A large, supposedly dead, cow or buffalo or dog, floats on the Bagmati and lodges on a jutting edge. Policing the entire curvature of the river’s banks is a squad of giant robots – “how long is the Bagmati anyway? [break]It’s just from here to there.” Of course not the automated humanoids like Wall-E – “if we used such advanced robots, we would be in Japan” – these are more like bulldozers with pea brains, manually maneuvered by a human seated in front of the robo-saurus’s control board.



With the turn of a key, the robot lowers and extends its projecting blade, then lifts the carcass of solid organic waste to collect for fertilizer production. The non-degradable waste is taken elsewhere for disposal. In a day, four humans work six-hour shifts for one robot to labor indefinitely, and within a few months, Kathmandu’s riverfront is cleared. “It’s not a big deal.”



Manmade robots



In conceiving of a hypothetical Kathmandu, Dipesh makes solving problems like waste management seem so simple.

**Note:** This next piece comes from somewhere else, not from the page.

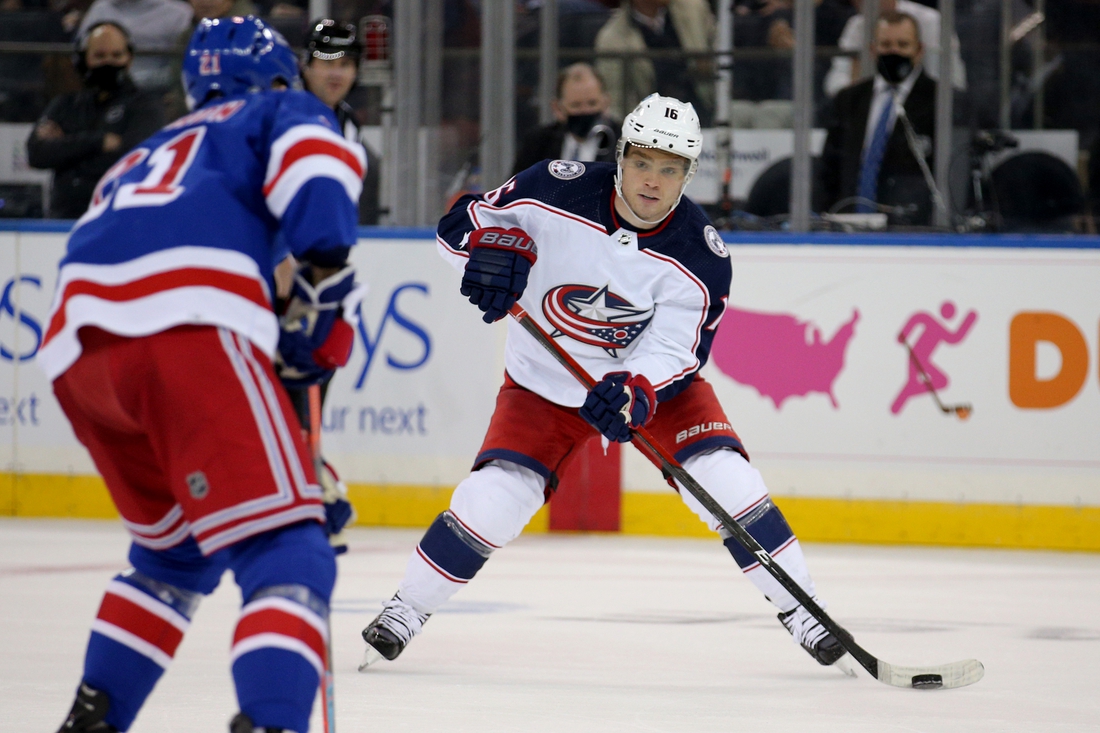 Oct 29, 2021; New York, New York, USA; Columbus Blue Jackets center Max Domi (16) plays the puck against New York Rangers right wing Barclay Goodrow (21) during the second period at Madison Square Garden. Mandatory Credit: Brad Penner-USA TODAY Sports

Given the necessary investment, Dipesh feels that robotics can be of great assistance to humans and that robotics students in Nepal are capable of bringing this to fruition. Robots can be designed to have superhuman levels of endurance, strength, and sensory abilities. Consider the alternative: “five to six people would need to be employed just to lift one cow, working for a minimum two to three hours. And human laborers get tired; they need to rest, which holds up work,” says Dipesh. Plus, robots would not be disgusted by the smell.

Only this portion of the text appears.